There are doubtlessly numerous actors within the Ecuadoran and the Latin American left who would seek to leverage relationship friendly U.S. posture toward Ecuador to advance more nefarious causes, and many whose anti-U.S. designs would be profoundly threatened by a positive U.S. relationship with a leftist, but still democratic Ecuador. Yet the remarkably educated, civil, and democratic political culture of Ecuador, and the thoughtfulness and decency that Moreno has manifested as a person, suggest that if there is any place in the region that such a bold U.S. approach could succeed, it is in Ecuador, at the present time, with its new president.
This argument for a cautious rapprochement with Ecuador will likely come as a surprise for those familiar with my harsh criticism of ALBA, and particularly the current criminal elite in Venezuela.
But there is no inconsistency. For the U.S. and the region, the “enemy” is not those who believe in bettering the condition of their people, although reasonable people may disagree about how to achieve that goal. The enemy is those who subvert democratic processes and exploit the hopes and frustrations of a people to progressively rob them of their rights, liberty and prosperity.
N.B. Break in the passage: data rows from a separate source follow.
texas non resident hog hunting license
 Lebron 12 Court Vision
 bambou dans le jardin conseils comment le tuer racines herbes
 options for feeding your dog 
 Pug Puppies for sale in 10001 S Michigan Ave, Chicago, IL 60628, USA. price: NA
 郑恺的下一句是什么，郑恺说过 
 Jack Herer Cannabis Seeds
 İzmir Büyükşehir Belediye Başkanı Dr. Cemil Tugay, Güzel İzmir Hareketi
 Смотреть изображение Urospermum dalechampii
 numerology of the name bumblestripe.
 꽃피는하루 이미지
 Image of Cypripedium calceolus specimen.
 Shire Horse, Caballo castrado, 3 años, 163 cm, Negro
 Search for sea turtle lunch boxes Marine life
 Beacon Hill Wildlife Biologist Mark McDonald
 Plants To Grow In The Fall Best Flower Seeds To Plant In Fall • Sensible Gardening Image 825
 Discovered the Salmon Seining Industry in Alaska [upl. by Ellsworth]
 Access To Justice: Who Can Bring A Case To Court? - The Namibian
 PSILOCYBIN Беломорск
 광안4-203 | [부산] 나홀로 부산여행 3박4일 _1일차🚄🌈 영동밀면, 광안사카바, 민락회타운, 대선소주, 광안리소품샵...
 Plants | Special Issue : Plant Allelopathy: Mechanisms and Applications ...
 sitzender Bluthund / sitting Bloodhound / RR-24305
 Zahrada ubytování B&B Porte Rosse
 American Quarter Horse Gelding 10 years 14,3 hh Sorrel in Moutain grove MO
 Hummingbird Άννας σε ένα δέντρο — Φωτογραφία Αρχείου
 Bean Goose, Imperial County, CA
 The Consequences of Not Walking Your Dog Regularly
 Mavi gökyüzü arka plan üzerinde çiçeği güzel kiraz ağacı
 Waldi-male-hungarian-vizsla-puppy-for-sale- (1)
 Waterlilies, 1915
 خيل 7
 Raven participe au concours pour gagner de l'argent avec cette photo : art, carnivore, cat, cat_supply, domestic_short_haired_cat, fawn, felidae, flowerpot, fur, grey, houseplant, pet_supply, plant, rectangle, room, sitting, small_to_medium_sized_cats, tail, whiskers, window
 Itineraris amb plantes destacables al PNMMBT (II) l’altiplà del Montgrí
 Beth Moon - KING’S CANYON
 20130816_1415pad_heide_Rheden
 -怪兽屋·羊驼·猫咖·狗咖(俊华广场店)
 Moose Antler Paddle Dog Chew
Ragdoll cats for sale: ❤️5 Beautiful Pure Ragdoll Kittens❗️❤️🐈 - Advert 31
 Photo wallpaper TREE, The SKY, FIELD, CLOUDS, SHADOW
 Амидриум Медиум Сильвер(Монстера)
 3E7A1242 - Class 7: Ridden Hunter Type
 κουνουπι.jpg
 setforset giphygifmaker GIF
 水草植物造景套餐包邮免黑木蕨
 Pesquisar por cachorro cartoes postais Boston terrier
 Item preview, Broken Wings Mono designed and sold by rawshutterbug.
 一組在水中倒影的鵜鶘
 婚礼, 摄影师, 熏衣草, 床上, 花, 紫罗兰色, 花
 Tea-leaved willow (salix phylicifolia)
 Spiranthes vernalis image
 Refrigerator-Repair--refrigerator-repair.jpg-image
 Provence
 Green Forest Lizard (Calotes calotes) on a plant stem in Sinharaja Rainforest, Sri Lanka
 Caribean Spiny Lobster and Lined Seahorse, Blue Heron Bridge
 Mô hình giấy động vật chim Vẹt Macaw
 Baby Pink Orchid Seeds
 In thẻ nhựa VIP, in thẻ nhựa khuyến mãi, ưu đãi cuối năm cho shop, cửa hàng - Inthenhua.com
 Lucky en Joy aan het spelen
Although it might surprise many in Ecuador, and elsewhere in the region, the concept of buen vivir, championed by the Alianza Pais movement, among others, is actually a prioritization of quality-of-life and spiritual values over raw materialism that many in the U.S. can relate to. There are many within the Ecuadoran left who will use the election of President Moreno to continue their work against the influence of the U.S. and western institutions. In that complex struggle, there are no guarantees about where the Moreno government will end up. Yet it is in the strategic interest of the U.S. to bet on the intellect and decency of President Moreno to actively seek a new path with Ecuador and the Latin American left.
Dr. R. Evan Ellis is Latin America Research Professor with the U.S. Army War College Strategic Studies Institute. The views expressed in this article are strictly his own.